Black Heart of Jamaica
- First edition
- Author: Julia Golding
- Series: Cat Royal
- Genre: Young Adult fiction
- Publisher: Egmont Books
- Publication date: 4 February 2008
- Pages: 432
- ISBN: 978-1-4052-3757-4
- Preceded by: Cat O'Nine Tails
- Followed by: Cat's Cradle

= Black Heart of Jamaica =

Fifth book in the Cat Royal series by Julia Golding

Black Heart of Jamaica is the fifth book in the Cat Royal series by British author Julia Golding. In this story the protagonist, Cat, becomes a pirate and gets involved with Pedro in a slave revolt.

==Plot==
Cat and Pedro decide to earn a living as a duet of acting and playing the violin, as Cat feels uncomfortable at living with Frank, Lizzie and Johnny without working, and Pedro decides to go with her. Syd is very upset at the prospect of Cat going away from him again but puts up with it for Cat's sake.

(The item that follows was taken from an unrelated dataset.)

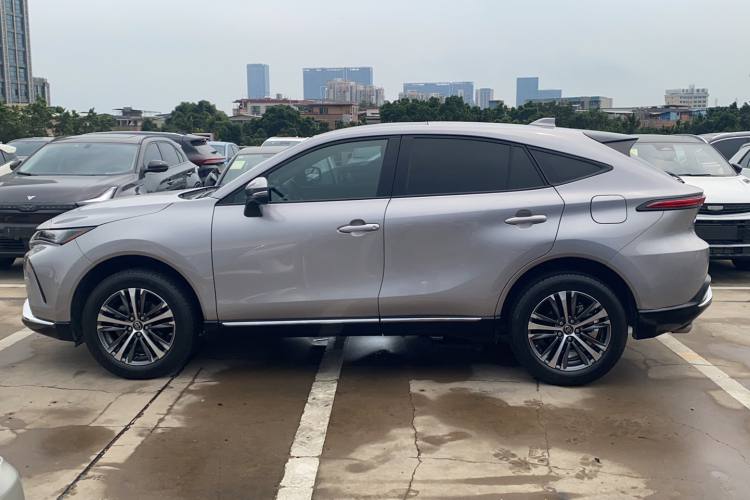 TOYOTA VENZA 2022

In Jamaica, Cat and Pedro are disgusted to learn that slavery is still common and both are frightened and horrified when they discover that Pedro's former owner, Mr Hawkins is in Jamaica. Mr Hawkins thinks that slavery is lawful and fair, and he still believes that Pedro belongs to him. He taunts Cat after her performance on stage and then finally kidnaps her. At his plantation Cat falls ill with malaria and while she is still delusional and sick Billy rescues her. He forces her to buy a slave which Pedro is disgusted at, but he soon learns to forgive Cat. In the end Cat gets involved in a slave revolt but Pedro tells her to leave, while he will stay and help his fellow men gain their rights of freedom and equality. Cat is heartbroken to leave Pedro alone but she knows she must, so she and Billy leave together.